Law & order
New
York mayor caught between protests, police
Mayor
Bill de Blasio, left, and NYPD Commissioner Bill Bratton, right, listen during
a press conference after attending a promotion ceremony for police officers,
Friday, Dec. 19, 2014, in New York. Even as New York’s police department takes
heat for ... more >
By JONATHAN LEMIRE -
Associated Press - Friday, December 19, 2014
NEW
YORK (AP) - Mayor Bill de Blasio was elected last year after making promises to
keep crime low while improving relations between police and the community. As
the tensions between those promises continue to mount, Friday showed just how
tricky threading that needle has been.
In
the morning, de Blasio met with leaders of the protests that have swept through
New York City in the weeks after a grand jury declined to indict the police
officer who placed Eric Garner in a fatal chokehold while trying to arrest him.
In
the afternoon, he ventured to New York Police Department headquarters to heap
praise on the force, a week after an angry police union circulated a petition
to bar him from any NYPD funerals.
And
in the evening, a pair of protests - one pro-police, the other against - were
held outside City Hall, with each side yelling at the other while claiming a
lack of support from its occupant.
“The
mayor is making a big mistake. The police are the most important thing to
control what goes on in this city,” said Andrew Insardi, whose brother is a
retired NYPD officer.
De
Blasio, the city’s first Democratic mayor in a generation, formerly was an
activist who, were he not holding office, likely would have participated in the
protest marches that have become a near-nightly ritual after a Staten Island
grand jury declined to charge the officer, who is white, in the death of
Garner, who was black and repeatedly yelled “I can’t breathe!” in his final
moments, which were captured on video.
The
mayor has voiced support for the protesters’ rights, and the traffic-snarling
protests have largely been peaceful, though a recent poll found that they are
opposed by a majority of New Yorkers. He met with members of the activist group
Justice League NYC and said he agreed with some of their proposals - including
the need to retrain officers - but would not disavow the “Broken Windows”

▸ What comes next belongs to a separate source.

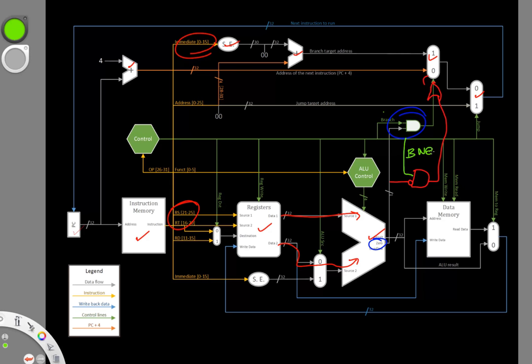So I'll have a special branch not equals signal that will allow me to control whether this AND gate can possibly be true. That way I don't have to worry about what happens if I'm not doing a branch instruction, what happens if I'm doing a branch equals instruction instead of a branch not equals instruction.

theory of policing, which cracks down on low-level offenses in an effort to
stop more serious crimes.
De
Blasio also took pains to say he supports Police Commissioner William Bratton
and, hours later in a speech at a NYPD promotions ceremony, heaped praise on
officers for their restraint during the protests.
“There
is a respect, in some cases, even an awe at what his department has done in
recent weeks,” he said. “This is the finest police force in the land.”
De
Blasio was met with polite applause from the crowd at the auditorium at 1
Police Plaza, a far cry from the vitriol directed his way recently from the
police unions. Furious that the mayor invoked the warnings he has given his
son, who is half black, about being careful around police in light of the
Garner decision, the unions accused de Blasio of abandoning them.
The
main rank-and-file police union went a step further and began a push to
prohibit de Blasio and City Council Speaker Melissa Mark-Viverito, his ally, from
attending any funeral of any officer killed in the line of duty.
The
unions themselves steered clear of the small pro-police rally outside City
Hall. A few dozen people, including some wearing T-shirts bearing the words “I
can breathe,” stared down a larger, louder crowd that denounced police violence
and took up chants like “How do you spell racist? N-Y-P-D,” and “Black lives
matter.”
There
were no immediate reports of altercations or arrests.